- Written by: Madame Marie Genores (titles) Jesse J. Goldburg (titles)
- Starring: Derwent Hall Caine Valda Valkyrien
- Cinematography: John K. Holbrook
- Edited by: Madame Marie Genores Jesse J. Goldburg
- Distributed by: Arrow Film Corporation
- Release date: 1918;
- Country: United States
- Languages: Silent film English intertitles

= Huns Within Our Gates =

Huns Within Our Gates is a 1918 American silent World War I propaganda film, starring Derwent Hall Caine and Valda Valkyrien. Released by the Arrow Film Corporation, the cast, characters and plot were used in The Crusher (1917). While credits for who produced the film are lacking, the film was edited and titled by Madame Marie Genores and Jesse J. Goldburg at the Thanhouser Studio in New Rochelle, NY.

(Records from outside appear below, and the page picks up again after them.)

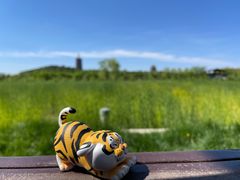 -永定河休闲森林公园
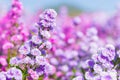 Purple Aster flower garden, flower head has star shape. Asters can grow in all hardiness zones. . ItÃ¢â¬â¢s one landmark to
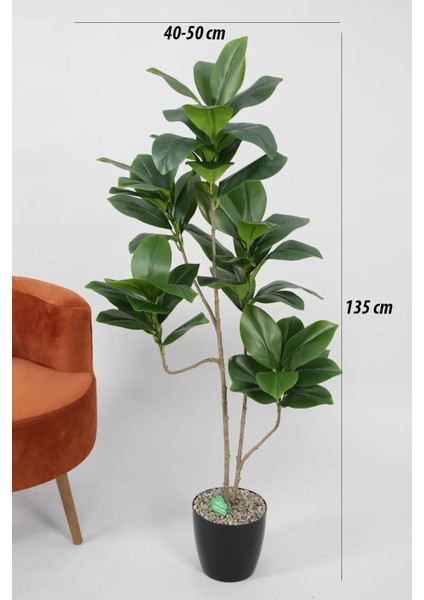 Yapay Ağac Kauçuk 5 Gövdeli 135 cm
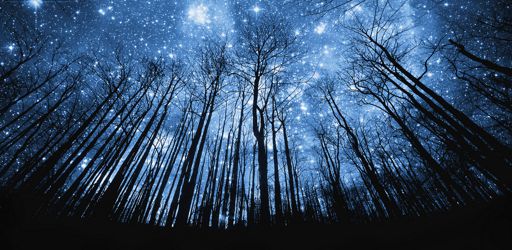 Tree Silhouette Against Starry Night Sky --- Image by Â© Robert Llewellyn/Corbis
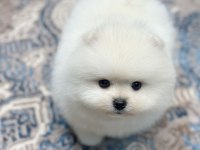 Orjinal Ayı Surat Pomeranian Boo Oğlumuz Rolex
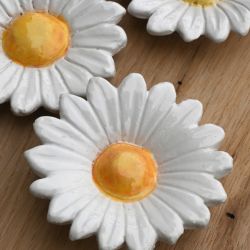 Margaretka z profilowanymi płatkami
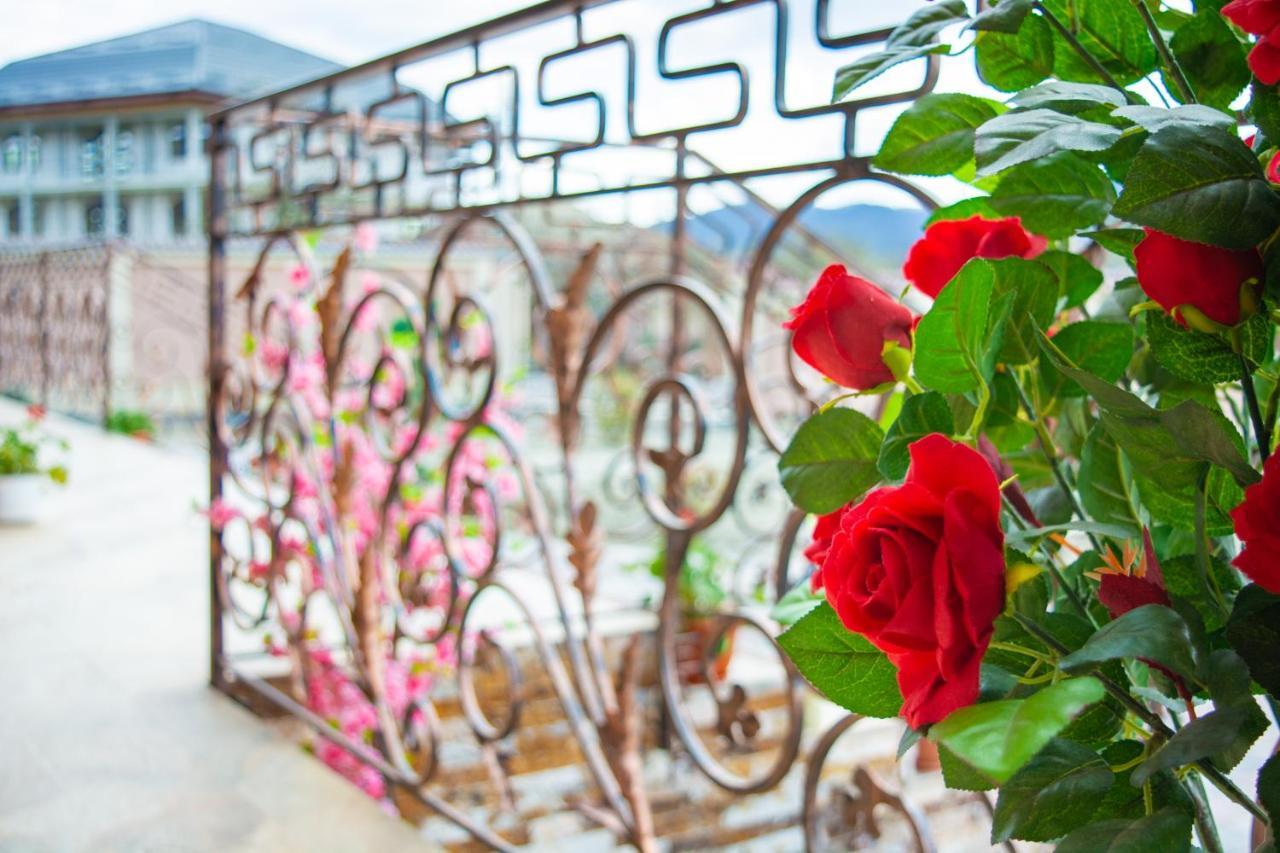 Călimăneşti Casa Erk B&B 외부 사진
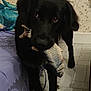 Vasco participe au concours pour gagner de l'argent avec cette photo : dog, black_dog, toy, fish_toy, indoor, floor, tile_floor, bedspread, patterned_wallpaper, pet, animal, looking_up, cute, mammal, domestic_animal, playful, fur, ears, paws, home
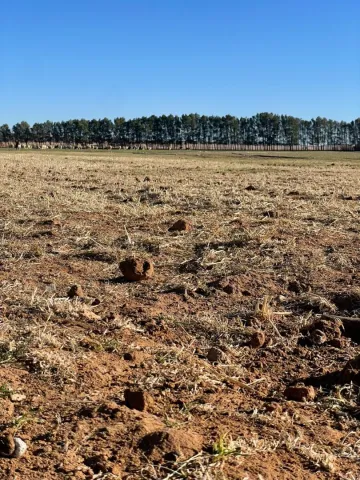 Vente Terrain Agricole Djelfa Djelfa 6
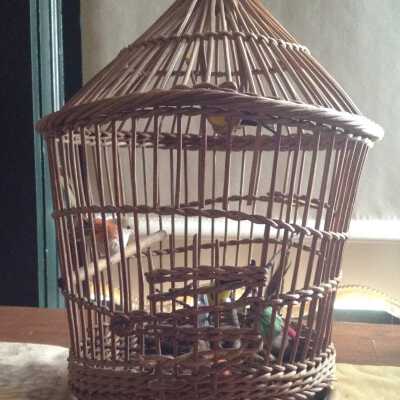 Bird Cage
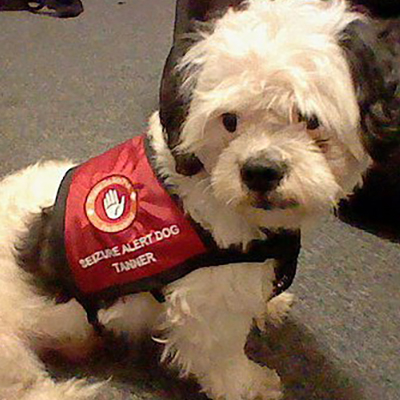 Working Dog Seizure Vest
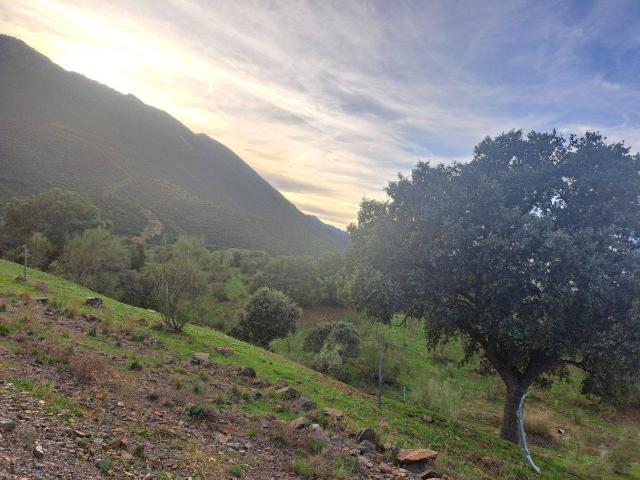 Finca rústica en Venta en Villar del Pozo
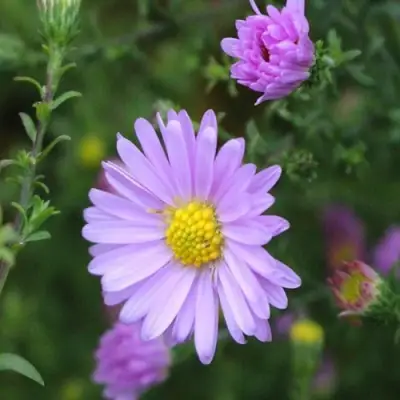 Астра СТРОУБЕРРИ ЭНД КРИМ новобельгийская в Жодино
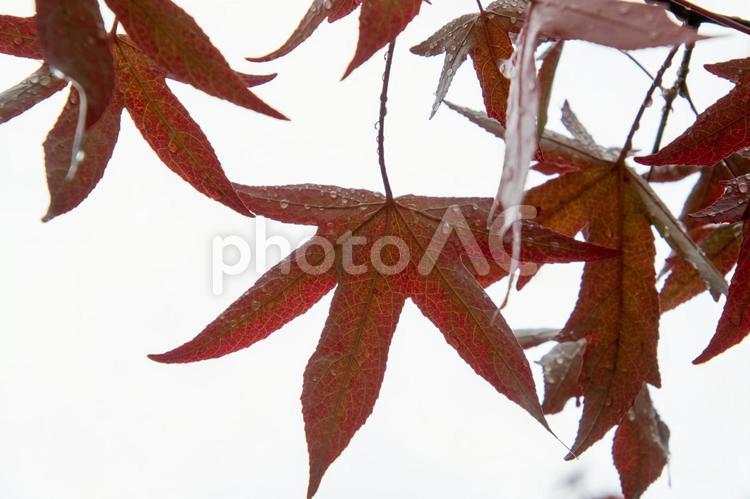透過光で葉脈が美しい紅葉の楓の葉　　バンクーバー　ブリティッシュコロンビア　カナダ 葉,楓,紅葉の写真素材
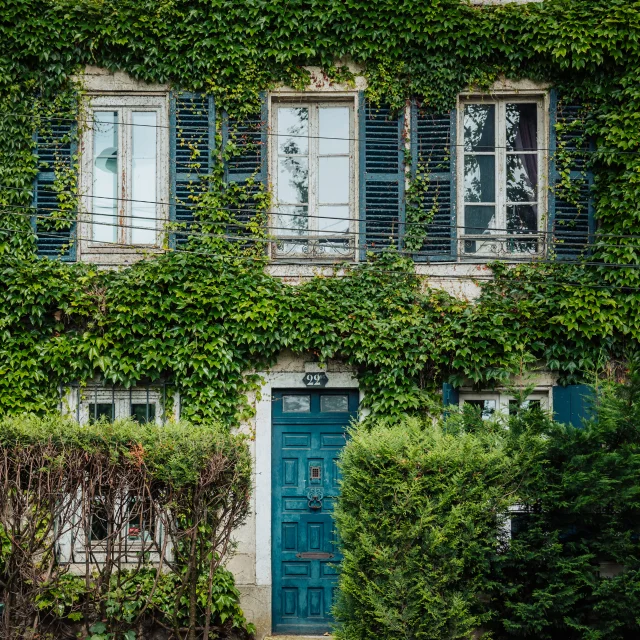 Détail d'une jolie façade de maison à Louveciennes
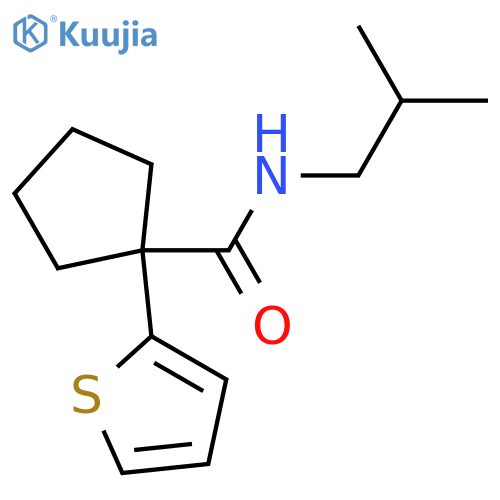 N-(2-methylpropyl)-1-(thiophen-2-yl)cyclopentane-1-carboxamide structure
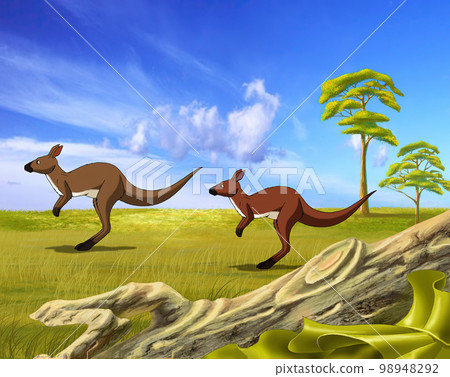 Kangaroo in Australia illustration Kangaroo in Australia illustration 98948292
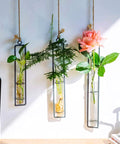 ecofynd Metal Wall Hanging Test Tube Planter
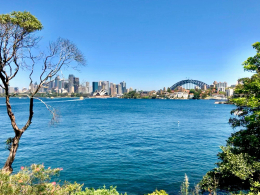 Sydney’s Heat Is Rising. Here’s How to Keep Your Home Comfortable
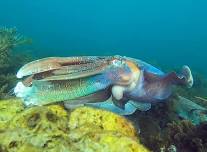 See the biggest migration of Giant Cuttlefish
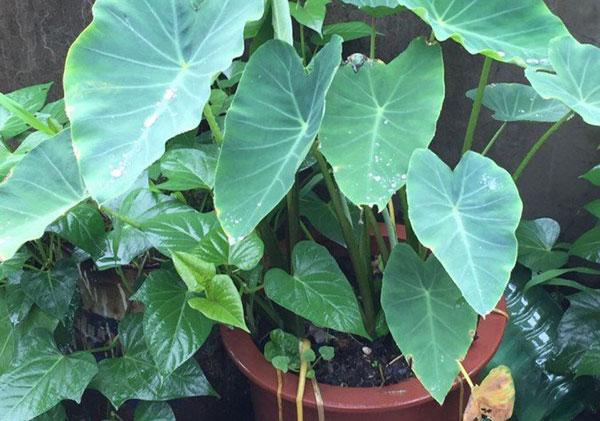 芋头也能当花养吗？叶片酷似滴水观音，盆栽水培都好看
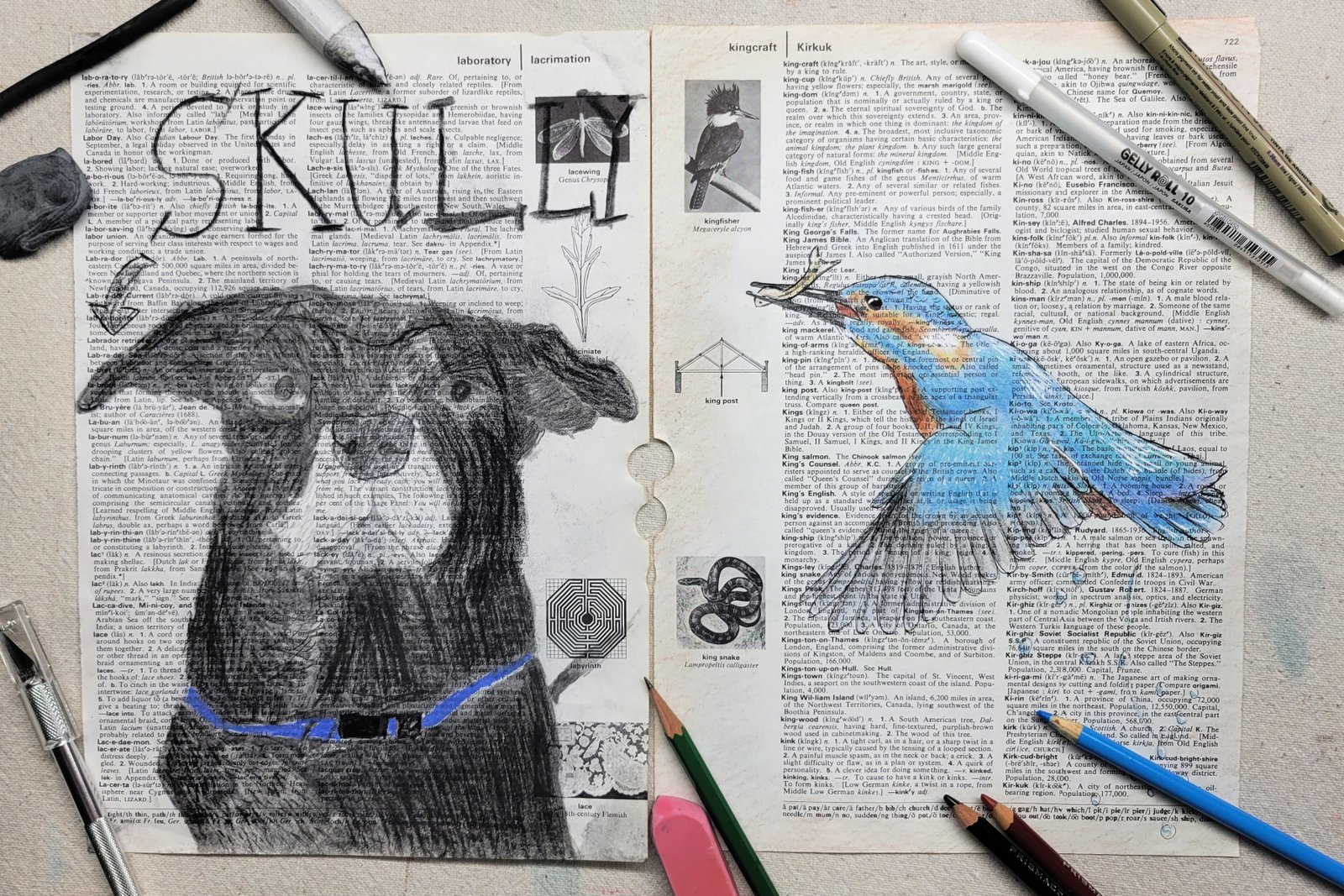 Dictionary Page Art Project for Kids • Kids Activities Blog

After being re-edited the film was re-released as Commercial Pirates in March 1919. Also known as The Hearts of Men.

==Plot==
Arthur Morgan, son of an old Southern family is engaged in perfecting an aeroplane engine designed to revolutionize the air science. He is handicapped by the impoverishment of his family. Their wealth was buried during the Civil War, and has never been discovered. The Prussian agents seek to trade upon his poverty to buy his invention, but he refuses to sell, and an effort to bomb the inventor and his plane is frustrated by the action of a pet dog, which carries the bomb away from the workshop and drops it, killing the spy, and disclosing the long buried treasure.

==Cast==
- Derwent Hall Caine as Arthur Morgan
- Valda Valkyrien as Dorothy Waring
- Harry Robinson as Judge Morgan
- Robin Townley as Eli Brown
- Bessie Wharton as Countess Von Shoenburg

==Preservation==
Huns Within Our Gates is currently presumed lost. In February 2021, the film was cited by the National Film Preservation Board on their Lost U.S. Silent Feature Films list.